Rollier ha cercato di proporre il modello conosciuto negli stabilimenti Volvo e successivamente quello giapponese, addolcito per la nostra cultura. Ma senza successo, per le energiche resistenze del management. Molti autori, si sono esercitati nel definire i motivi di tale rifiuto: chi lo attribuisce allo scontro fra la forza del capitale e la forza del lavoro e chi, forse semplicisticamente, all’eco dell’arretratezza culturale del management italiano.

Un’ipotesi più suggestiva può far riferimento agli aspetti psicologici che condizionano i modelli mentali di chi controlla e dirige il lavoro, sottoposto allo stress del gap fra le aspettative e i risultati. Uno schema ordinatore della psiche umana è la coerenza, la riduzione dell’incertezza: la dissonanza provocata dall’indeterminatezza degli esiti è in stretta correlazione con l’ansia, come descritto da Festinger nella sua Teoria della dissonanza cognitiva. L’ansia è quel particolare stato psicologico che orienta le azioni umane, secondo il principio di coerenza.

Edgar Schein, parlando di cultura organizzativa, attribuisce una sorta di modalità evolutiva alla scelta delle procedure ed i modelli comportamentali che compongono i processi lavorativi, selezionati in funzione del livello di ansia, in un range di opzioni che garantiscono il risultato. La “one best way” di Taylor garantisce pertanto, a chi presidia i processi, un “alibi” di natura scientifica, poichè da sempre la scienza, come la magia e la religione (prendendo a prestito il pensiero antropologico) sono elementi ordinatori quando la psiche non è in grado di dare significazione alle rappresentazioni complesse.
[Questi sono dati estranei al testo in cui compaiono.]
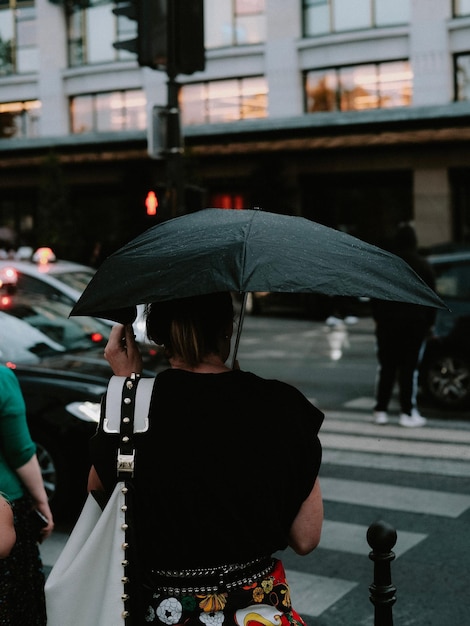 Foto foto de una mujer caminando por el cruce de peatones con un paraguas negro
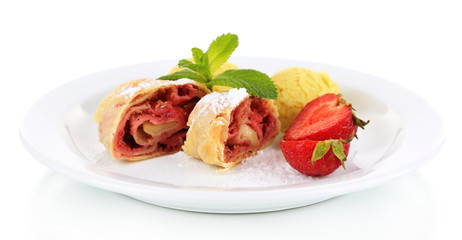 Tasty homemade strudel with ice-cream, fresh strawberry and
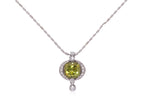 A SPHENE AND DIAMOND PENDANT ON CHAIN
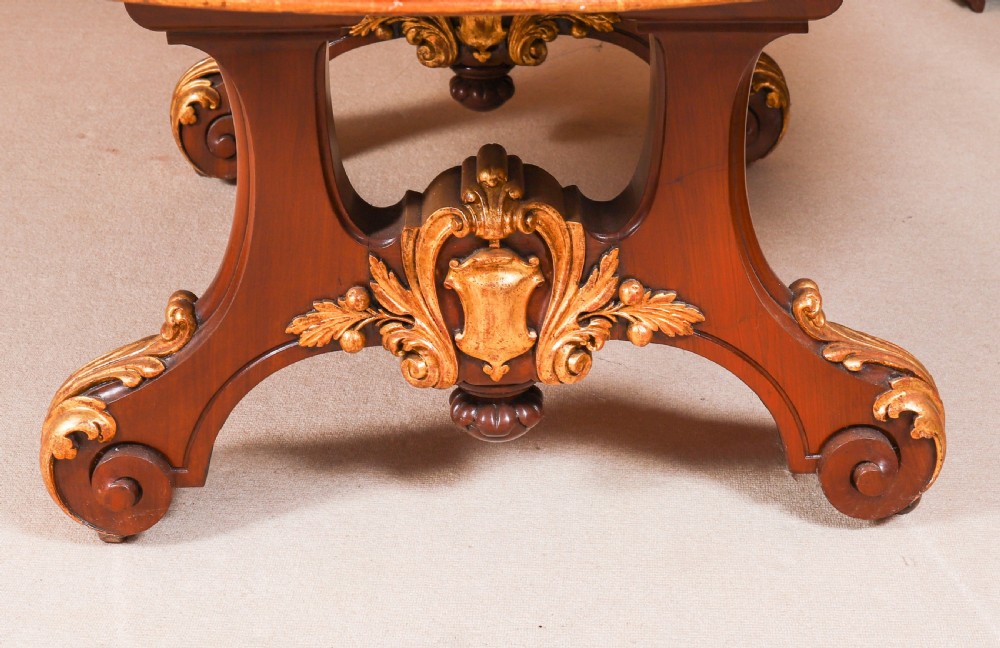 A large, polished mahogany extending dining table supported by two carved twin pedestals with parcel-gilt detailing. View XVII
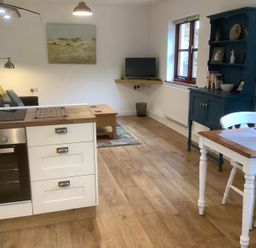 A living area with a kitchen island stove white cabinets wooden floor a blue cabinet a dining table with chairs and a small television on a wall shelf at Mendip Cottage in Shipham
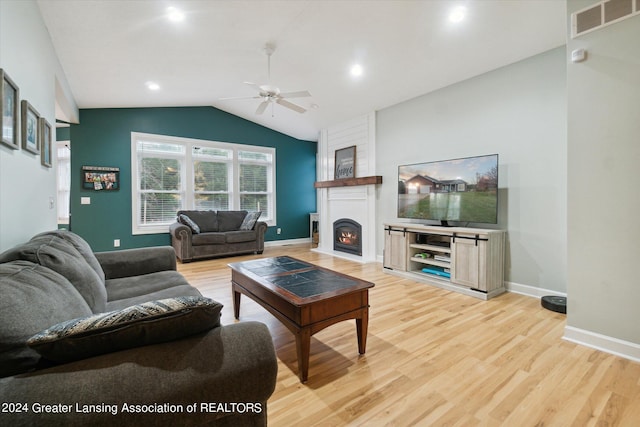 living room with vaulted ceiling, a fireplace, hardwood / wood-style flooring, and ceiling fan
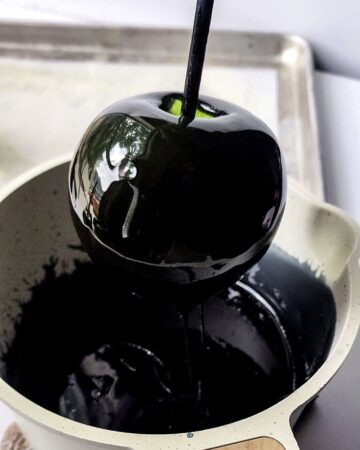 A black candy coating with an apple being dipped into the bowl. 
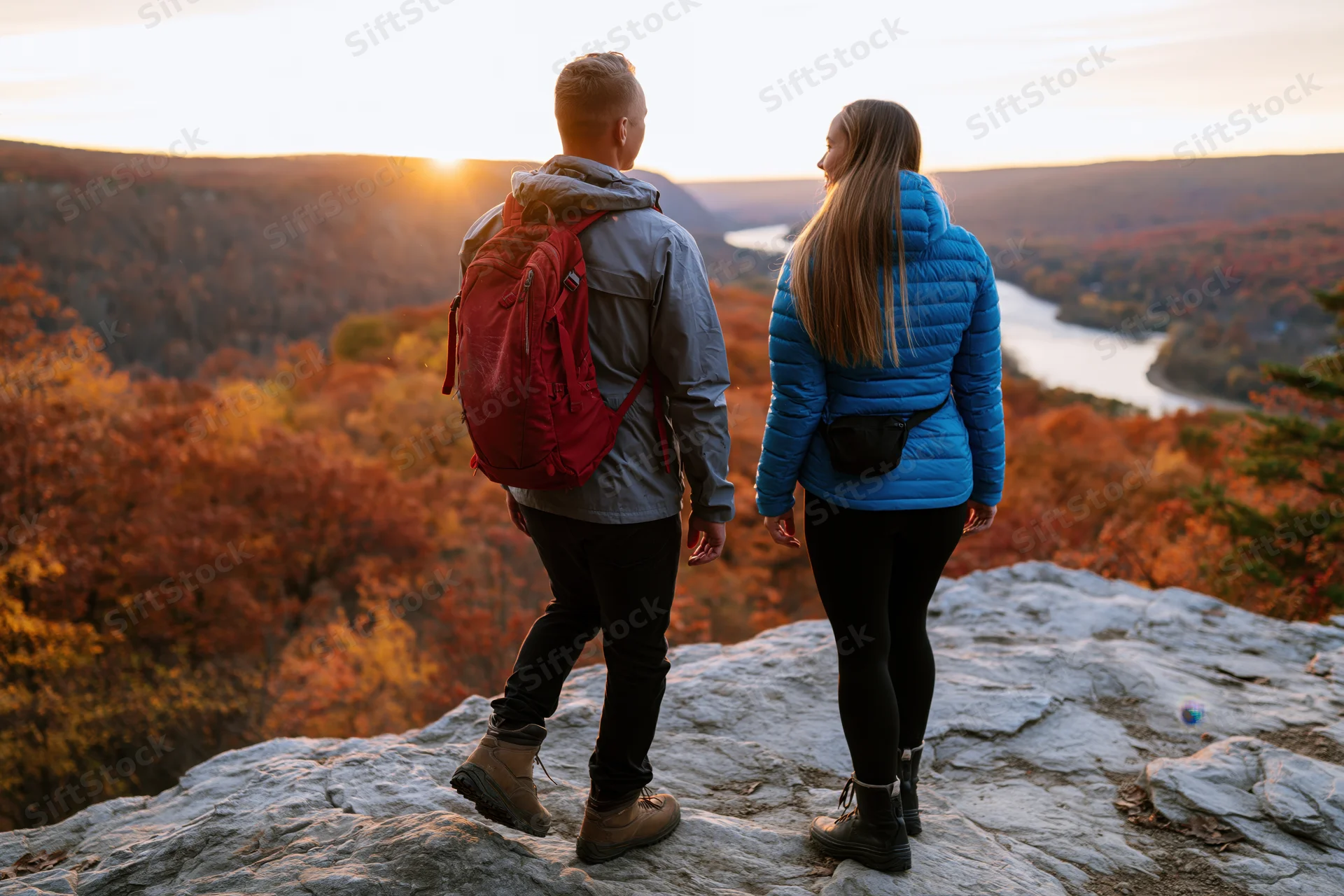 Couple standing on rocky outcrop overlooking autumn forest and river at sunset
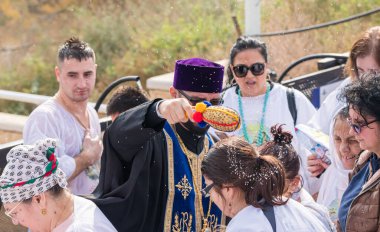 Jericho, İsrail, 18 Ocak 2020: Rahip, İsrail 'deki Jericho yakınlarındaki Ürdün Nehri' ndeki İsa Mesih 'in Vaftiz Alanına inananlar üzerine kutsal su serpti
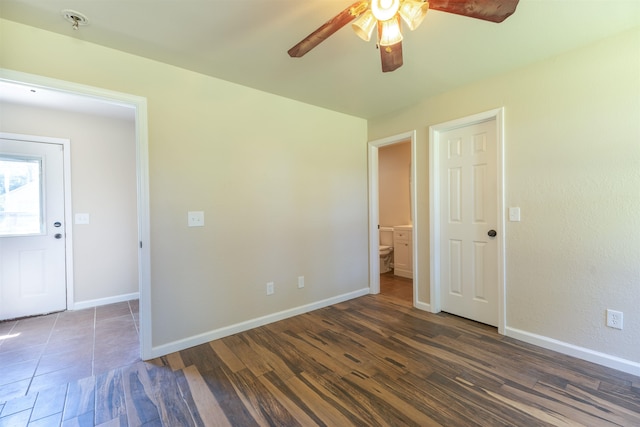 empty room with dark hardwood / wood-style floors and ceiling fan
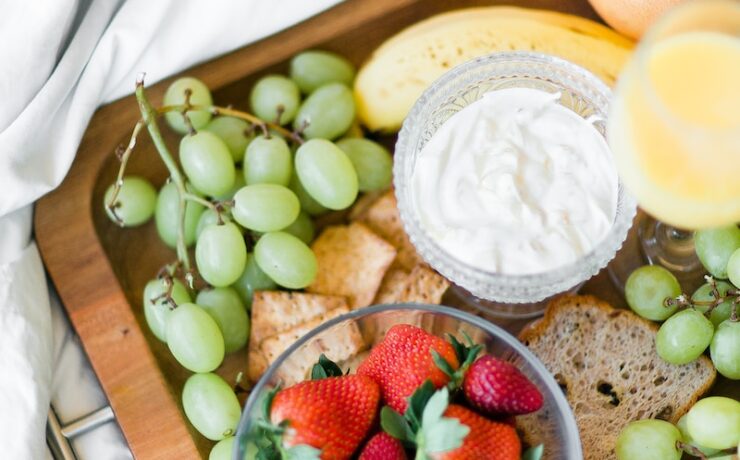 variété de fruits avec yaourt ou fromage sur un plateau en bois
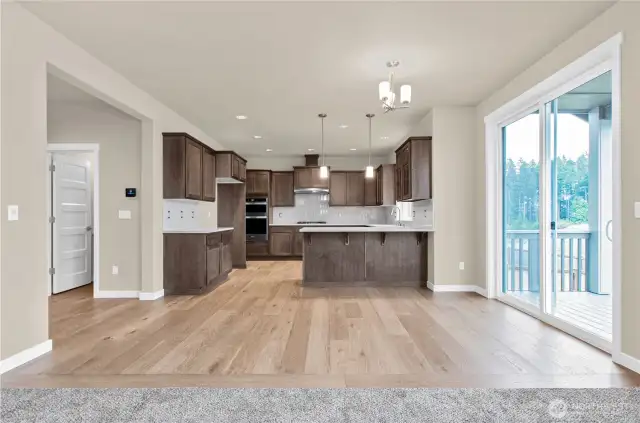 Home is under construction.  Photos, including virtually staged, are of a previously bult home in a different community with similar finishes.  Builder reserves the right to make changes to plans & specifications without notice.  Features vary by plan.  Buyer to verify square footage.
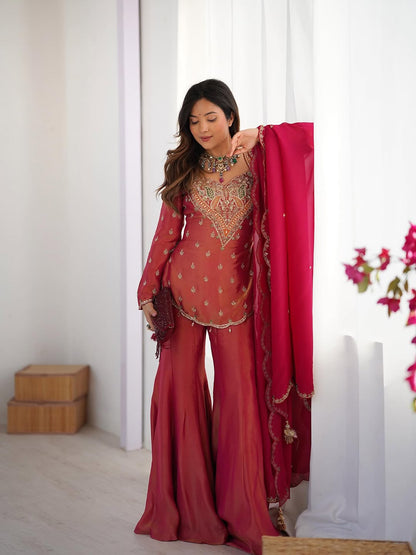 Royal elegance in this beautifully embroidered pink Sharara set.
Il taylorismo e il post-fordismo non sono pertanto ancora sradicati dalle economie di scala, orientate all’iper-controllo delle variabili in gioco, anche quelle relative agli eventi futuri? Forse. Del resto non c’è traccia in letteratura di ricerche finalizzate, successive a quella già citata negli stabilimenti Mirafiori.

È molto probabile, invece, che il taylorismo sia radicato nei modelli mentali, ancora prima che quelli esecutivi, dei livelli gerarchici manageriali, fortemente sbilanciati verso un desiderio di controllo, di tipo meccanicistico, degli esiti del lavoro, secondo modelli lineari che colleghino le dimensioni psicologiche alle caratteristiche dei processi grazie ad algoritmi facilmente descrivibili.